9. Gather together all your work

There you are, you have been through the branding process. Just like Samantha, you now have all the materials you’ll need to translate your values and messages into a new look.

So, how did Samantha use all the information she had gathered?

After applying a similar branding process to the Southsea Bathing Hut, Samantha altered her business cards, website, and social banners. In doing so, she created a new look and feel by removing descriptive text to instead reflect a lighter visual identity focusing on natural, brighter, pure scenes and incorporating thematically-appropriate wording.

In addition, Samantha radically altered the imagery she was using. Her new images incorporate herself at the centre of her business identity. Through benchmarking against larger competitors, Samantha found those businesses she wanted to emulate often had the owner front and centre. So, she adapted her visual identity to reflect this trend.

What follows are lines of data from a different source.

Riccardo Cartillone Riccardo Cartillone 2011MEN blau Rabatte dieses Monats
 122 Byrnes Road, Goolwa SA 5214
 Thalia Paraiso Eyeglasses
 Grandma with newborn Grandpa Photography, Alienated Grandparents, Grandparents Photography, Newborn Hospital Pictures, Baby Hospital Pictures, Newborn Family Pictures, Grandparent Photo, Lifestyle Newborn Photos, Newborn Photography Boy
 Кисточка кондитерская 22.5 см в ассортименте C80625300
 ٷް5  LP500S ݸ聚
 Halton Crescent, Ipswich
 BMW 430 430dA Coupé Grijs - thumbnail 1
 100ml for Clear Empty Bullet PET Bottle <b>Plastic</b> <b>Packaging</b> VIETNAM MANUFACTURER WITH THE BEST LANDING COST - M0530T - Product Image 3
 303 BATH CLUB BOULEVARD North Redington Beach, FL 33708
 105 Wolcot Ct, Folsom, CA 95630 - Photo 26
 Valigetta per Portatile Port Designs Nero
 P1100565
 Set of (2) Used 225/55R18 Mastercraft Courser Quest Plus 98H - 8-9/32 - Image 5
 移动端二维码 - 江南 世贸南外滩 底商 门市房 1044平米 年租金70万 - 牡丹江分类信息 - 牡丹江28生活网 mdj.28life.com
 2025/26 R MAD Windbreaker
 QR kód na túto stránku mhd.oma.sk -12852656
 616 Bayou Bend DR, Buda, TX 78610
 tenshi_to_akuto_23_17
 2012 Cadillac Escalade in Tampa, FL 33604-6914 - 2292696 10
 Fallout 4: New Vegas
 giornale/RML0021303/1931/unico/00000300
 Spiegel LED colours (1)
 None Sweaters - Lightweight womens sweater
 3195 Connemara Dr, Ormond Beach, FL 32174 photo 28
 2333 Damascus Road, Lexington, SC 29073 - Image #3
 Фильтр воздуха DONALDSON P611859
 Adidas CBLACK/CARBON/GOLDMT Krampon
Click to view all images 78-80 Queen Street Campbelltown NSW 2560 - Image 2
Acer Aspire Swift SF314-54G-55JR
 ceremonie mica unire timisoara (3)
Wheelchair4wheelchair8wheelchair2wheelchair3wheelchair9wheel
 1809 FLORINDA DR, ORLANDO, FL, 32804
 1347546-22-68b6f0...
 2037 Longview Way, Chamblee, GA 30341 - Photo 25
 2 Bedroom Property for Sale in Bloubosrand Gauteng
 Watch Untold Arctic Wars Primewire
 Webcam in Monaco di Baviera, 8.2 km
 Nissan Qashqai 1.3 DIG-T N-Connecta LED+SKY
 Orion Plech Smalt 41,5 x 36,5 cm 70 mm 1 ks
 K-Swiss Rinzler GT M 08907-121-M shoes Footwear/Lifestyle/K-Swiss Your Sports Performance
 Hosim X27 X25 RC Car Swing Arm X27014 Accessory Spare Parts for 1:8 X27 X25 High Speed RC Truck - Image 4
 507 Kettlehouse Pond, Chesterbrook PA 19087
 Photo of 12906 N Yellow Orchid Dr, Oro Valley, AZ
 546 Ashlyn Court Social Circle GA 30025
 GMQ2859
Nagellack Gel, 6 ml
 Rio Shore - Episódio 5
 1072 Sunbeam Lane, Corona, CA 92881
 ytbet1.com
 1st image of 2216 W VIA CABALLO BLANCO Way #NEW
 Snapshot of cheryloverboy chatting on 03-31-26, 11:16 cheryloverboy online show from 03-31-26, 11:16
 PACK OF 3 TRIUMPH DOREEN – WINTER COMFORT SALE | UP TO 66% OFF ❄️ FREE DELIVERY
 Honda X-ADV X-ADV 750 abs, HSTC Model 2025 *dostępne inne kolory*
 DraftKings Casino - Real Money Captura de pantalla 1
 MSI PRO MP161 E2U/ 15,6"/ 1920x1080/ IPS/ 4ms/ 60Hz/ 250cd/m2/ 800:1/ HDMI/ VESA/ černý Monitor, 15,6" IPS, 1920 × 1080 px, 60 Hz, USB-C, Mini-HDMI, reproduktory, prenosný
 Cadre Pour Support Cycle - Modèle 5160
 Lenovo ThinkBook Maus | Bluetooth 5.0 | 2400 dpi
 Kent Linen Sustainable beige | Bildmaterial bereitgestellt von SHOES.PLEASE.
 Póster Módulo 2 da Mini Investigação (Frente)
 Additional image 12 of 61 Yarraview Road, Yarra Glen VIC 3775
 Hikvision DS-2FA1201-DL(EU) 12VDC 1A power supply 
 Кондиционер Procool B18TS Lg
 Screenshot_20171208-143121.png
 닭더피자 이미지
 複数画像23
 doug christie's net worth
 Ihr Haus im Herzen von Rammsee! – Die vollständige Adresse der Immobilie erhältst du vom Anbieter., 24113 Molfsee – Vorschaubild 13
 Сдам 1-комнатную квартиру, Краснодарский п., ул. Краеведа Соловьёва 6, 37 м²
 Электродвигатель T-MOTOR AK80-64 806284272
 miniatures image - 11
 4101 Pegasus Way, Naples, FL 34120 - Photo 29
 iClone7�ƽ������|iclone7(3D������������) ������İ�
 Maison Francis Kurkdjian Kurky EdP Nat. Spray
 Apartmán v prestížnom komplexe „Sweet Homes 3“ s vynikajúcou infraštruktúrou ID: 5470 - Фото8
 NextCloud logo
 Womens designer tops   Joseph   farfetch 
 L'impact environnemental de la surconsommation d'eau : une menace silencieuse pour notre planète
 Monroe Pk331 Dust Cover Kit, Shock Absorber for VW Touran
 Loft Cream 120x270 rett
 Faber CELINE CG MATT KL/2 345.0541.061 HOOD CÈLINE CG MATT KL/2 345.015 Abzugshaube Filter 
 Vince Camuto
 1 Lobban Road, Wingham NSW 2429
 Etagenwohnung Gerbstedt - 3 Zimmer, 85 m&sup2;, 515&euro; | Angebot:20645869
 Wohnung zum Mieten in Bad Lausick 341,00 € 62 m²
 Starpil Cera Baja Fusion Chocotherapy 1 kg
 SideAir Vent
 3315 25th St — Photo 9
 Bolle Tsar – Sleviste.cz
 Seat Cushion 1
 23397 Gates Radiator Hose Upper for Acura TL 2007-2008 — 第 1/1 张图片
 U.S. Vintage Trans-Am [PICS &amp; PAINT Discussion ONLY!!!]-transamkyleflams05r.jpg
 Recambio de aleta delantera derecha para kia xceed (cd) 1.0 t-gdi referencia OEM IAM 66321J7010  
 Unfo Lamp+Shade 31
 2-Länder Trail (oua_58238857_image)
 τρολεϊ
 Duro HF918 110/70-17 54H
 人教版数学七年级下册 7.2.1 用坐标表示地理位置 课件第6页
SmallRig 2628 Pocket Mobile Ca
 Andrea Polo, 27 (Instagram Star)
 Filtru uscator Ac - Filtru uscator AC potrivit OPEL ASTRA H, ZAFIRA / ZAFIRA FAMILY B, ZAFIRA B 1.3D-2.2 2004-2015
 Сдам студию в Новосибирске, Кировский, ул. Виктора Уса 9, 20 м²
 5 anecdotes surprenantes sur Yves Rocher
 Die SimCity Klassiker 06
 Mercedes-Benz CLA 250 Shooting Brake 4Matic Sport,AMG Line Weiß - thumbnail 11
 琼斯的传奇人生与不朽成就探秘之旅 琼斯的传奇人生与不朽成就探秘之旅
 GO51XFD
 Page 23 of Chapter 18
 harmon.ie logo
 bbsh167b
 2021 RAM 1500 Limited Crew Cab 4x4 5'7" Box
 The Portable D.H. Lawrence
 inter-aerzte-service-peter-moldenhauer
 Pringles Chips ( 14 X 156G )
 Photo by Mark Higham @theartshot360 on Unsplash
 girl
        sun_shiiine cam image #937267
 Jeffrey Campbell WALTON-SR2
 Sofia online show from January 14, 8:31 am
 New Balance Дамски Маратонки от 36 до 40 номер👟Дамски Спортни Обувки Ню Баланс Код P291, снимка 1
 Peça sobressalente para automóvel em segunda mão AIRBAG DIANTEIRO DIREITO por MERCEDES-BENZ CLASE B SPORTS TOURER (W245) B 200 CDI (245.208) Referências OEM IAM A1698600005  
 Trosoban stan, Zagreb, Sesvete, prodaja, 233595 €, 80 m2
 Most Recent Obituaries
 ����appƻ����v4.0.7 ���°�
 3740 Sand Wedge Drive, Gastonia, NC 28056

Task nine (don’t worry, it’s a quick one):

Gather together:

  • Your set of unique business values
  • The key message (or elevator pitch) that neatly sums up your business
  • The collections of images related to all your customer and competitor insights
  • The collection of words related to your tone-of-voice insights

10. Start the design work

You have created a series of documents that represent a strong, new brand identity, so it’s time now to think about the new look of your brand.

So, final task:

  • Pass your documents to a designer as part of the brief to create a new look (in fact, you might now want to look at the article below on 5 tips for working with a designer before you start).
  • Use the materials as the starting point for your own design work.
  • Work through your images, slowly discarding those you don’t like and/or don’t fit your values or message.
  • Do the same with the tone-of-voice collection of words.
  • Repeat steps C and D until you have a core set of images and words from which you can draw inspiration and start putting pen to paper for your new look.